Позволю себе немного воспоминаний.
Я задумался над смертью впервые лет семи. И должен прямо сказать, что первое размышление было едва ли не самым напряжённым и неотступным из всех моих размышлений. А их было у меня очень много. Бывали целые периоды, когда буквально ни о чём другом я не мог думать.
Случилось это так.
Я играл один в саду. Сделал из травы шалаш и воображал себя на необитаемом острове. Мне было очень хорошо. Сорванная мною трава так чудесно пахла. Солнце горело в каждом цветке, в каждом листочке. Кругом всё жужжало, двигалось и пело.
И я подумал: почему ‘большие’ не играют в ‘необитаемый остров’? Почему им больше нравится сидеть в больших комнатах, курить папиросы и всё говорить о чём-то, говорить, говорить, говорить?..

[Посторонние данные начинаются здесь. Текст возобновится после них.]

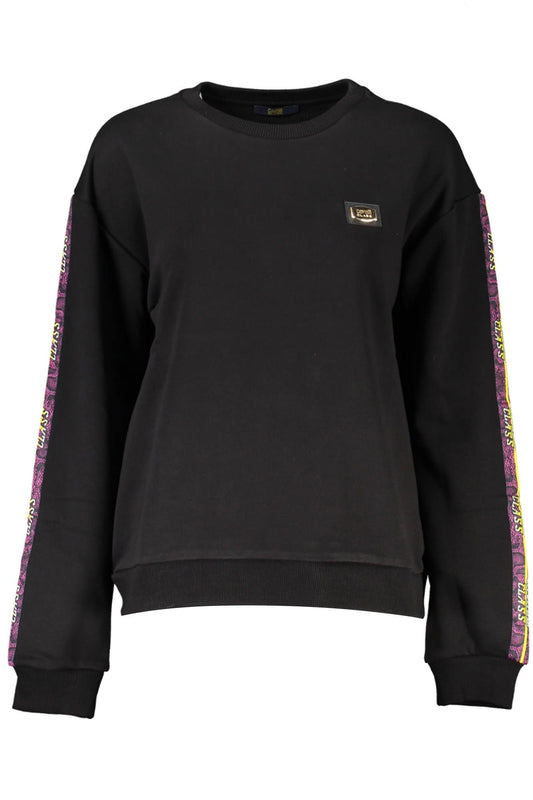 Cavalli Class Schwarzer Baumwollpullover für Frauen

‘Когда я вырасту большой, — думал я, — я буду жить, как маленький. Так вот всегда и буду жить. Большие так не живут, ну а я — буду’.
И мне стало до слёз радостно, что, значит, ‘так всё и останется’. И будет у меня свой шалаш, и трава будет так славно пахнуть, и солнце сиять, петь птицы и жужжать в траве пчёлы.
‘Навсегда так же’, — подумал я.
И вдруг почувствовал, как в груди у меня что-то похолодело.
‘Навсегда? Но ведь это кончится… Потому что жизнь кончится. Значит, не навсегда?’
О, я и сейчас не могу без слёз вспомнить, как стало мне вдруг жалко всего: и шалаша, и травы, и солнца, и неба. Точно не я должен умирать, а они умрут. И их больше уже никогда, никогда не будет. Как бы удивились ‘большие’, если бы они заглянули тогда в мой шалаш! Потому что я прижимал к себе сорванную траву, целовал её, как ‘покойную’, и плакал буквально до истерики.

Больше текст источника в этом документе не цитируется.